Itu sebabnya, ia sempat mengungkapkan harapannya agar (jurnalis) KONTAN tidak memelintir pemberitaan soal rekaman yang ia anggap sebagai catatan tersebut.
Pasalnya, dalam pemberitaan di media sebelumnya, seolah-olah dijelaskan bahwa ketua DPR RI Setya Novanto ditetapkan sebagai tersangka gara-gara rekaman yang ia miliki.
“Jadi tolong jangan diplintir lagi. Saya tidak ada kepentingan soal rekaman. Dan ada rekaman SN (Setya Novanto) atau tidak, saya juga tidak tahu. Namanya juga catatan saya,” ucap Marliem.
Marliem juga sempat membantah soal isi surat dakwaan yang menyebut ia sempat memberikan duit US$ 200.000 kepada Sugiharto, mantan pejabat Kemendagri yang sudah divonis bersalah di Pengadilan Tipikor Jakarta.
Sebagai buktinya, ia memberikan potongan rekaman pembicaraannya dengan Sugiharto.
Dalam pembicaraan itu, Marliem hanya ingin memberikan teknologi yang terbaik serta bekerja demi kesuksesan program e-KTP.
Harga yang ia berikan kepada konsorsium pun merupakan harga wajar dan tidak digelembungkan seenaknya.

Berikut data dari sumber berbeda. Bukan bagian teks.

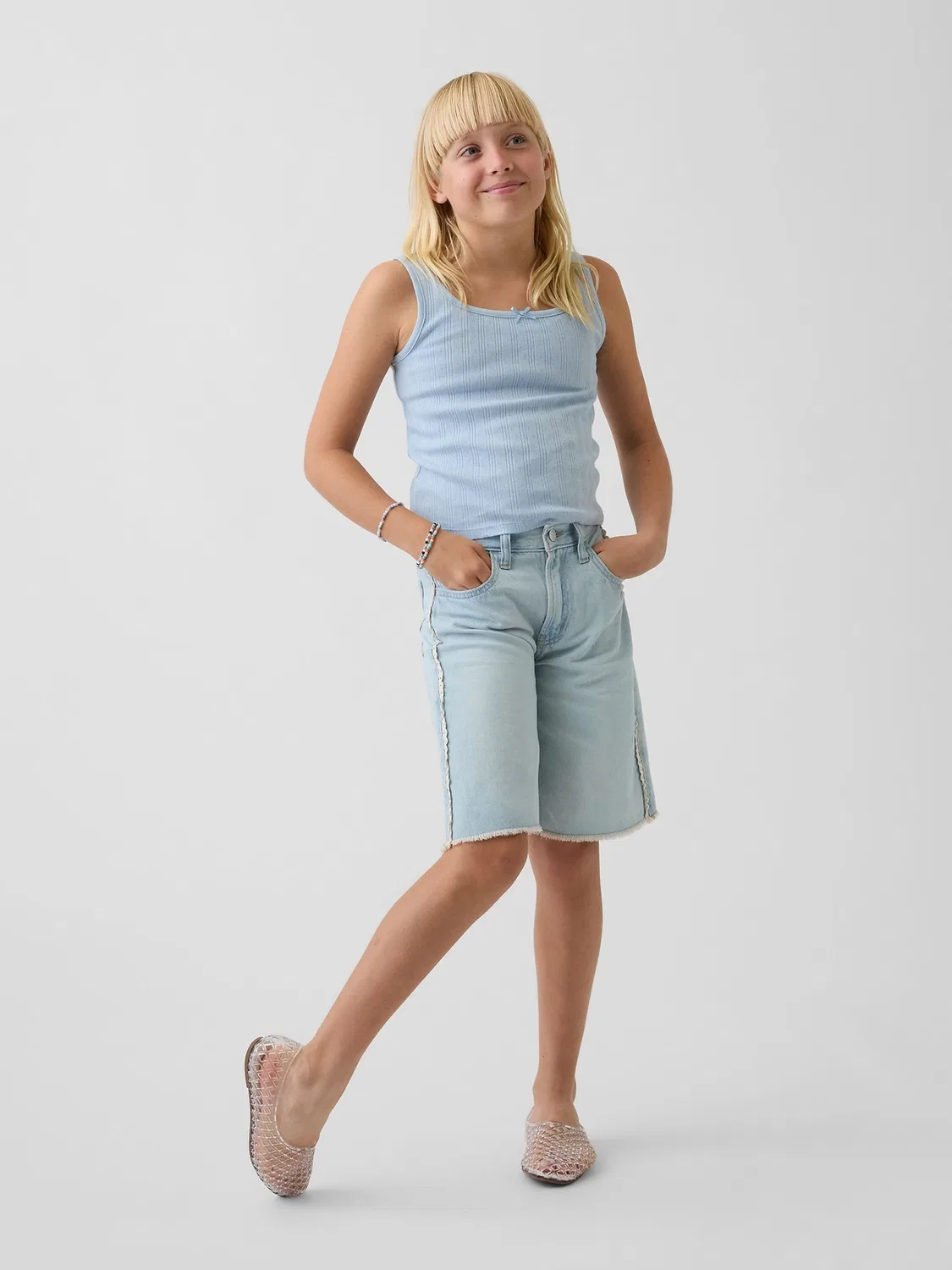 Шорты джинсовые UltraSoft Easy Longline Gap, Light Wash Blue — фото 3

Meskipun perusahaannya berbasis di Amerika Serikat, Marliem menggaransi data kependudukan tidak akan bocor.
Pasalnya server dan storage system berada di Jalan Medan Merdeka Utara, Jakarta.
Lantaran perusahaannya berasal dari negeri Paman Sam itu pula yang menjadi alasan dia tidak bisa main suap-menyuap.

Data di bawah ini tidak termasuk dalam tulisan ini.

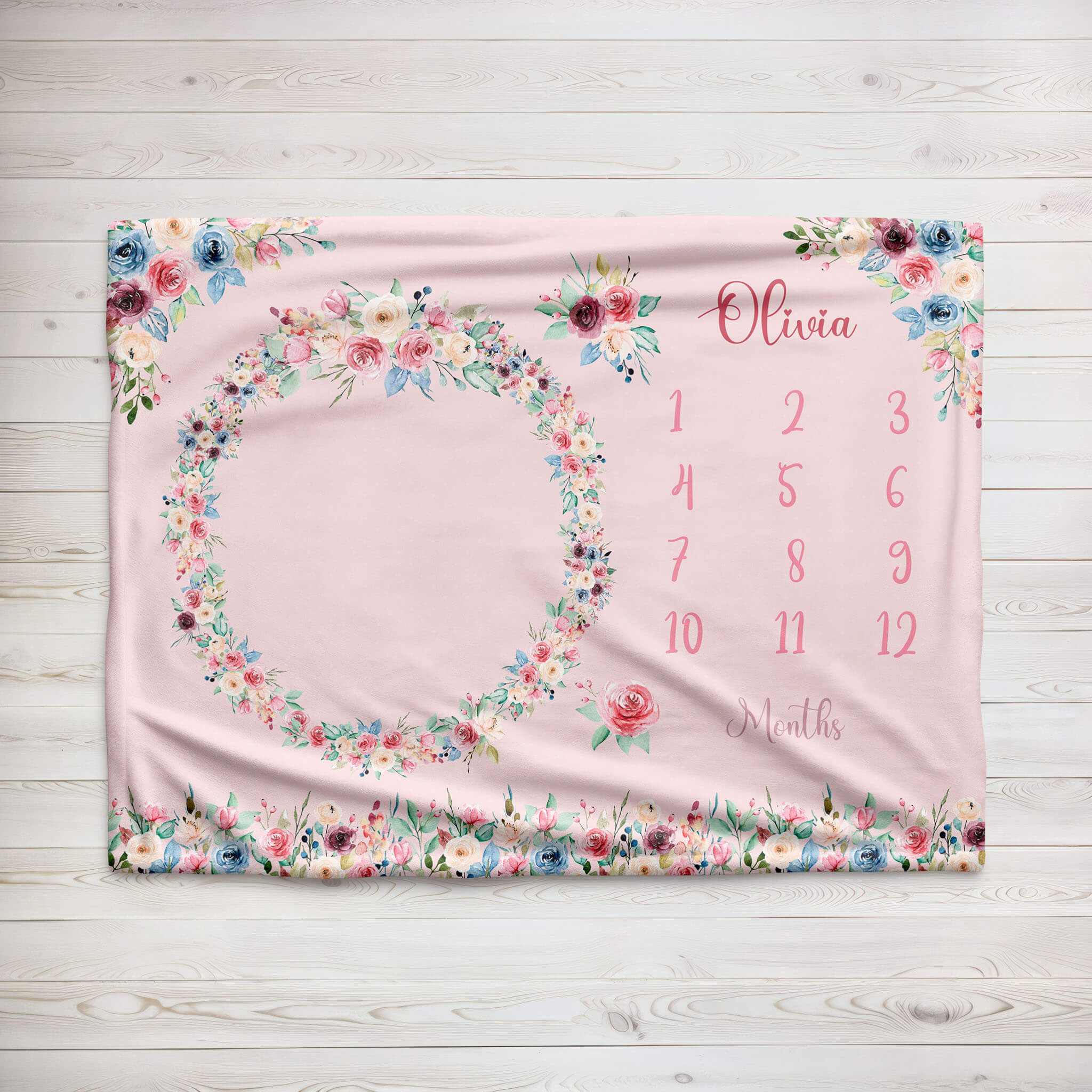 Baby Milestone Blanket With Name | Tender Flowers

“Saya sudah pahit-pahit ngomong di depan, bahwa kami ini perusahaan Amerika. Tidak bisa cawe-cawe. Kami tidak bisa mengeluarkan uang dari perusahaan untuk kepentingan tidak jelas,” tuturnya.
Pasalnya, jika melanggar, perusahaanya akan dijerat dengan FCPA (Foreign Corrup Practice Act) dan harus membayar denda besar jika terbukti menyuap.

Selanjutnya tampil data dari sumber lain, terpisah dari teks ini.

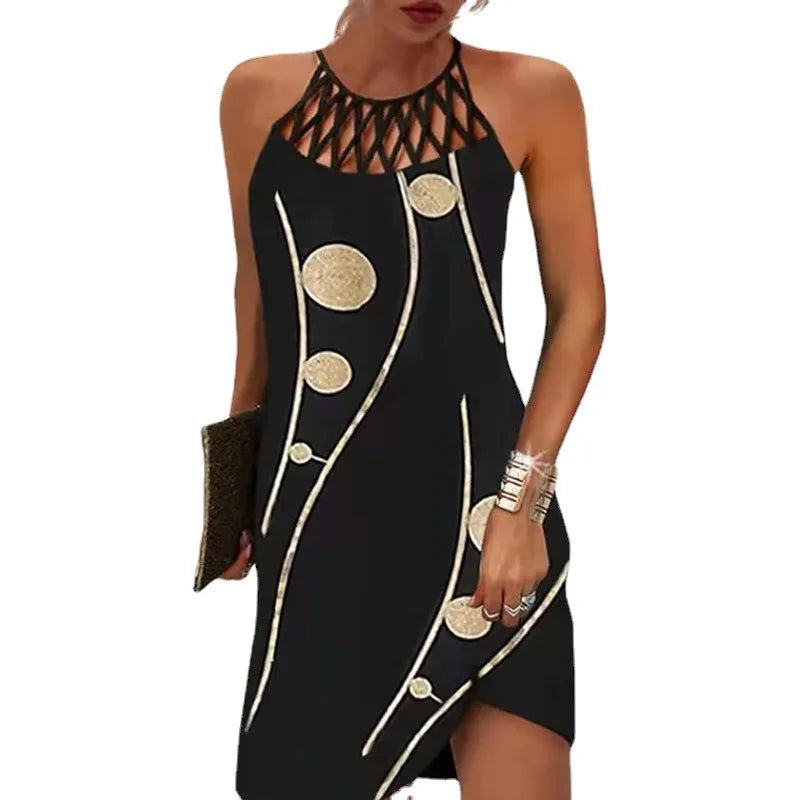 Boho Sexy Dress for Women Beach Mini Dress Fashion Dress Women Summer Sleeveless Hollow Elegant Party Dress Print Vestido 2023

Penerapan aturan ini serupa dengan pidana korporasi yang mulai digunakan KPK akhir-akhir ini.
Dalam kesempatan itu, Marliem juga sempat berkomentar soal kartu-kartu yang dikeluarkan pemerintah, seperti Kartu Indonesia Pintar, Kartu Keluarga Sejahtera, BPJS dan sebaginya.
Baginya, kartu tersebut hanya pemborosan anggaran karena hanya plastik yang berisi tulisan. Sementara, e-KTP berisi data biometrik yang sangat valid. Dengan e-KTP, pemerintah bisa memastikan jumlah anggota keluarga, berapa anak yang harus disubsidi.
“KTP-el saat ini sudah siap, mau dijadikan e-Toll bisa, jadi e-money juga bisa. Tapi, karena di sektor-sektor itu sudah dikuasai mafia jadi pemerintah tidak berani ambil keputusan politis,” katanya.
Tim Forensik Los Angeles Sebut Pria Tewas di Beverly Grove adalah Johannes Marliem
Pria yang tewas di kawasan Beverly Grove, Los Angeles, AS, telah diidentifikasi sebagai Johannes Marliem.
Otoritas setempat, Jumat (11/8/2017) waktu setempat, akhirnya mengidentifikasi seorang pria yang tewas setelah membarikade diri di sebuah rumah di daerah West Hollywood.
Kejadian Kamis (10/8/2017) itu ditangani oleh Kepolisian Los Angeles (LAPD), yang atas insiden itu menutup seluruh area di sekitar North Edinburgh Avenue selama beberapa jam.
Menurut LAPD, Johannes Marliem sempat menyandera seorang perempuan dan seorang anak, yang setelah dinegosiasi akhirnya dibebaskan.
Setelah LAPD dan pasukan Senjata dan Taktik Khusus (SWAT) berhasil memasuki rumah tersebut, Johannes Marliem yang diketahui bersenjata itu ditemukan tewas di dalam.
Johannes Marliem dikatakan tewas akibat luka tembak yang dihasilkan atas perbuatan sendiri, alias bunuh diri.
Kantor Forensik Los Angeles kemudian mengidentifikasi jenazahnya sebagai Johannes Marliem, namun tak diberikan informasi lain soal itu.
Perilisan identitas tersebut juga dikonfirmasi oleh LAPD.
Media setempat yang berbasis di West Hollywood, WEHOville, menyebut bahwa Johannes Marliem merupakan seorang saksi kunci dalam sebuah penyelidikan kasus korupsi di Indonesia.
Dikatakan bahwa kasus tersebut melibatkan seorang menteri kabinet, dua gubernur, dan politisi penting lainnya.